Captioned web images
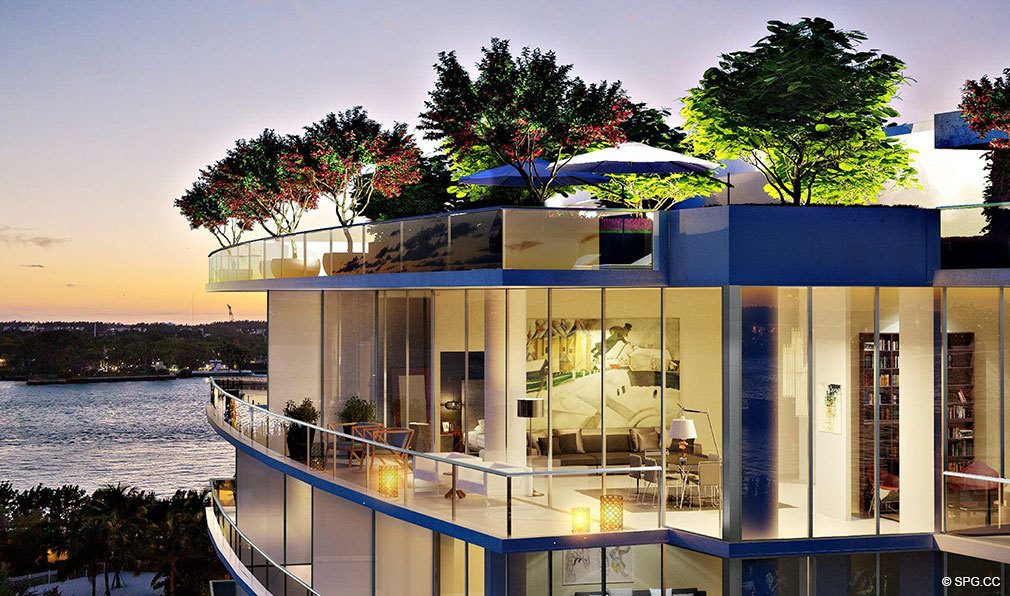 Terrace Views from Marea South Beach, Luxury Seaside Condominiums at 801 S Pointe Dr, Miami Beach, FL 33139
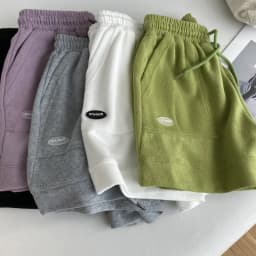 2026 Summer Women's Comfortable Loose Wide-legged Drawstring A Pants Slim Waist Slim Fit Casual Home Versatile Sports Shorts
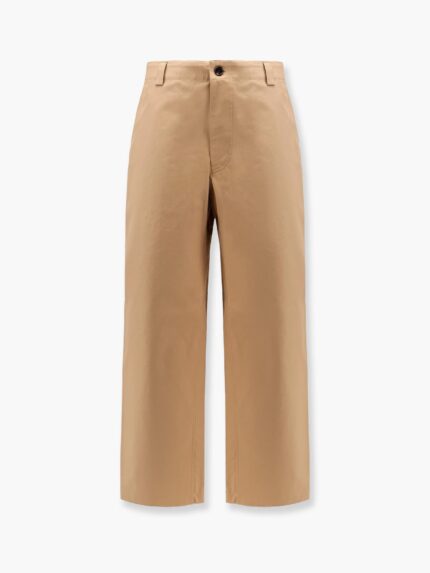 Gucci Cotton Trouser With Web Detail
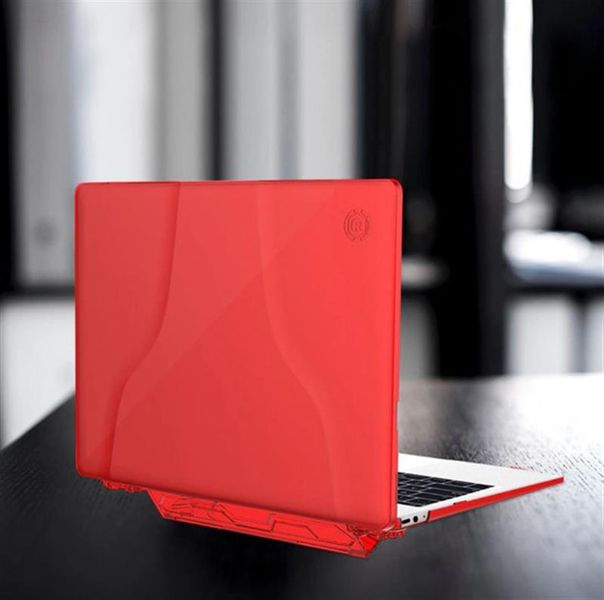 Чохол для ноутбука протиударний Becover PremiumPlastic для Macbook Air M1 (A1932/A2337) 13.3" Red (708883) 708883 фото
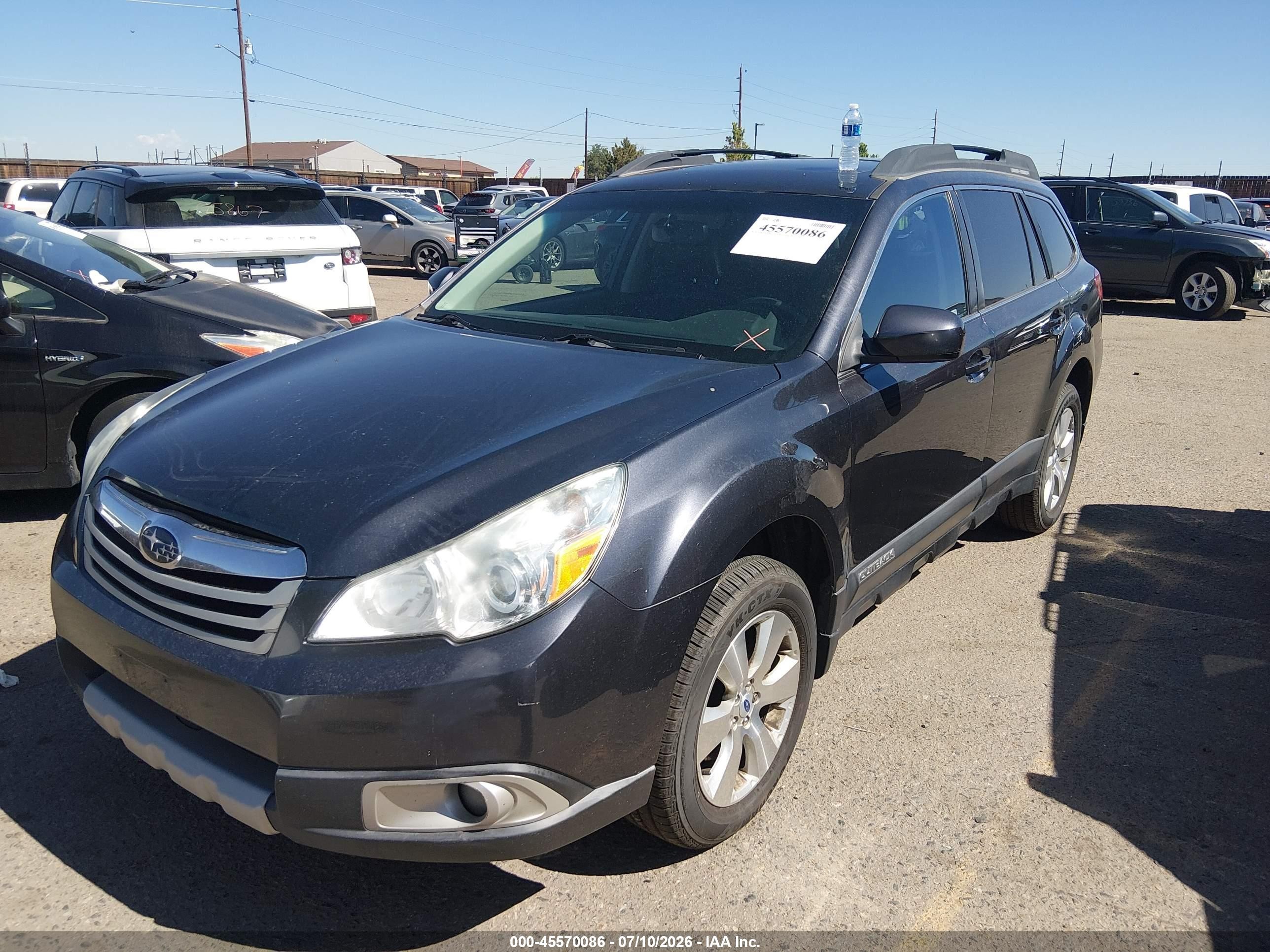 2012 Subaru Outback 3.6r Limited Black vin: 4S4BRDKCXC2244949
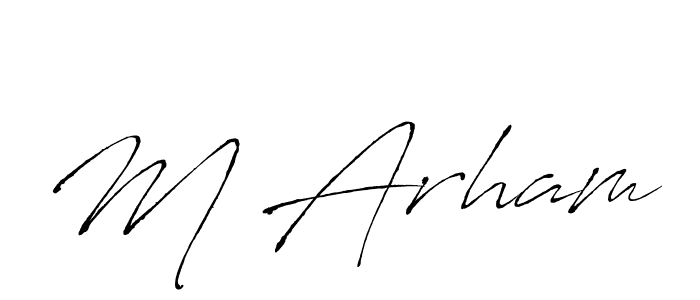 It looks lik you need a new signature style for name M Arham. Design unique handwritten (Antro_Vectra) signature with our free signature maker in just a few clicks. M Arham signature style 6 images and pictures png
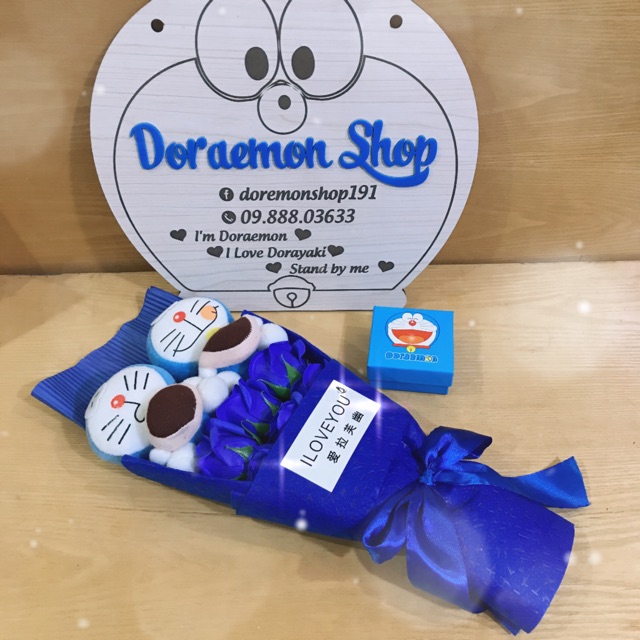 Bó Hoa Gấu Bông Doremon Doraemon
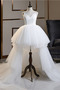Vestito da sposa Asimmetrico Asimmetrico A livelli Chiusura lampo - Pagina 4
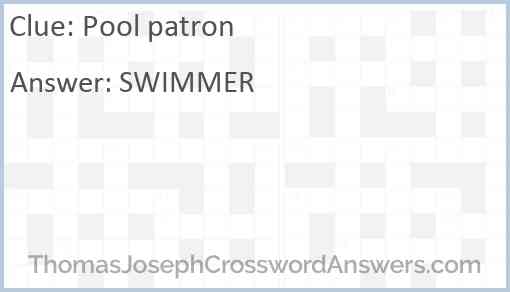 Pool patron Answer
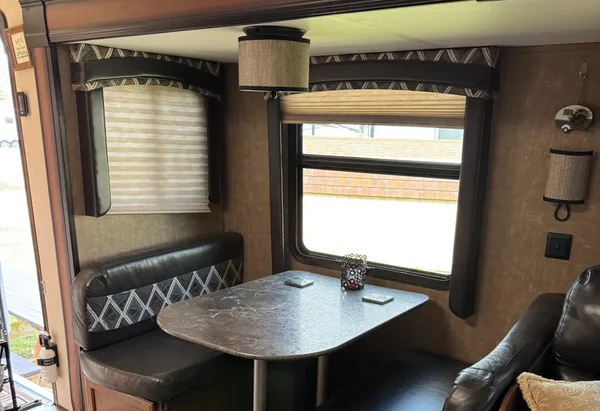 a room with furniture and window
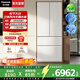 松下（Panasonic）【國家補貼】大白冰箱法式多門(mén)464升家用超薄零嵌入式變頻雙系統風(fēng)冷無(wú)霜一級能效抗菌保鮮 【大白】464法式雙系統平嵌EW46TGB-W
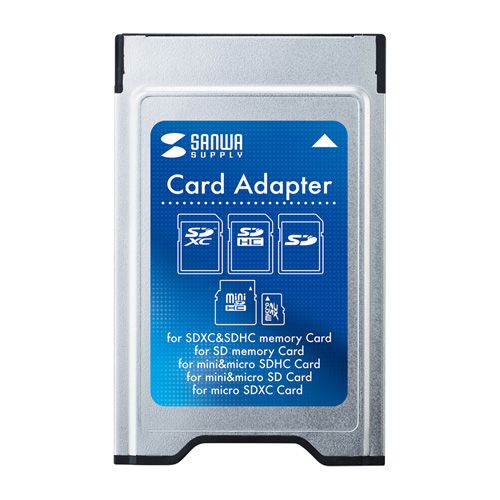 Pcカードスロット用sdカードリーダー Sdxc対応 Pcmcia Adr Sd3 激安通販のイーサプライ
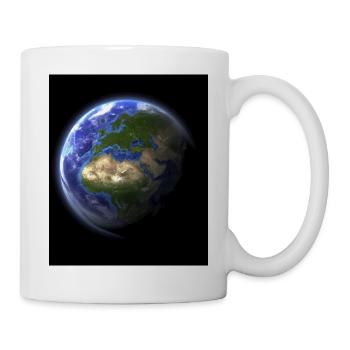 Erde - Tasse - Weiß - Rechts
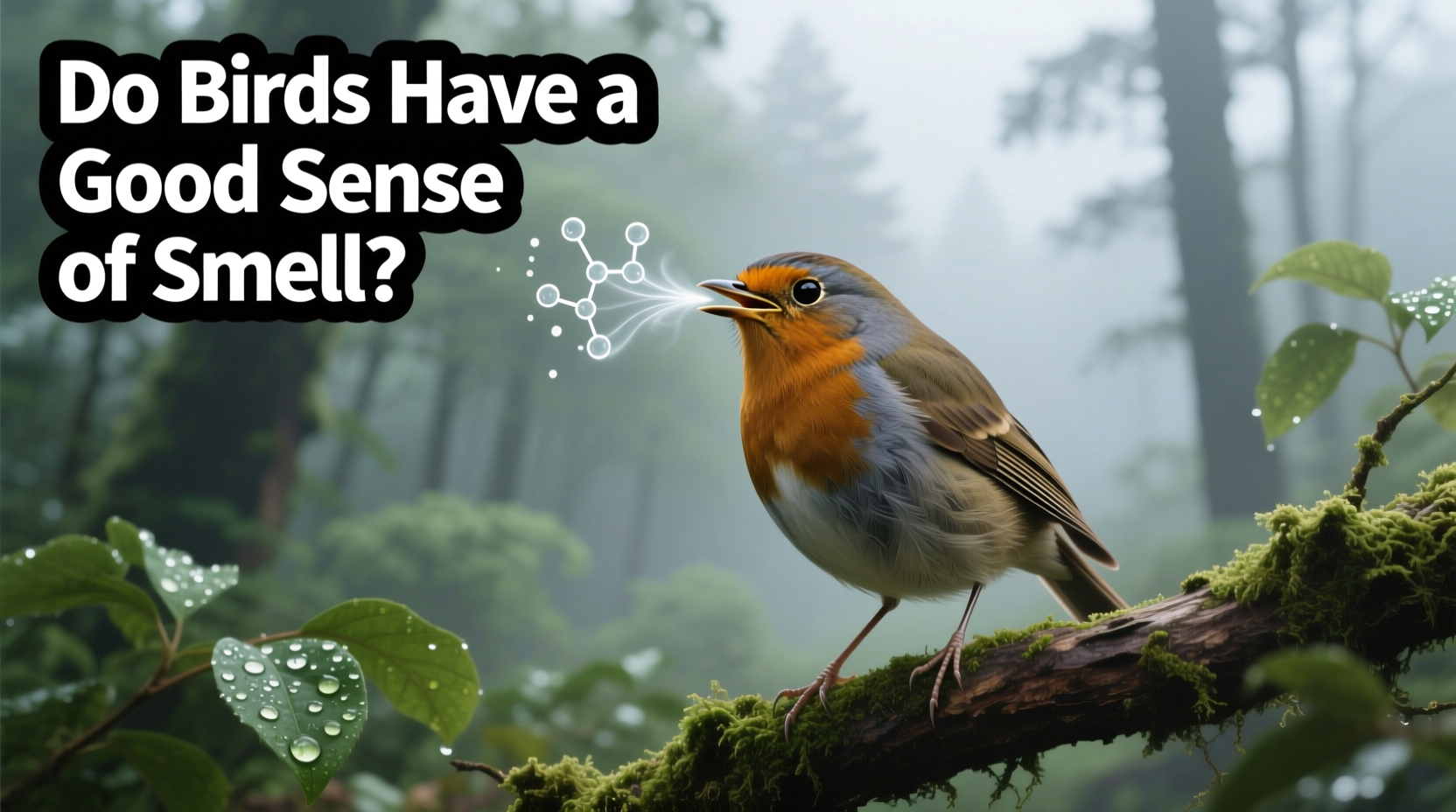 do birds have a good sense of smell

**What is needed**
Repeat word for word, leaving out the pictures, each line of the records from the line that holds "Pcカードスロット用sdカードリーダー Sdxc対応 Pcmcia" through the final one.

**Expected answer**
 Pcカードスロット用sdカードリーダー Sdxc対応 Pcmcia Adr Sd3 激安通販のイーサプライ
 Erde - Tasse - Weiß - Rechts
 do birds have a good sense of smell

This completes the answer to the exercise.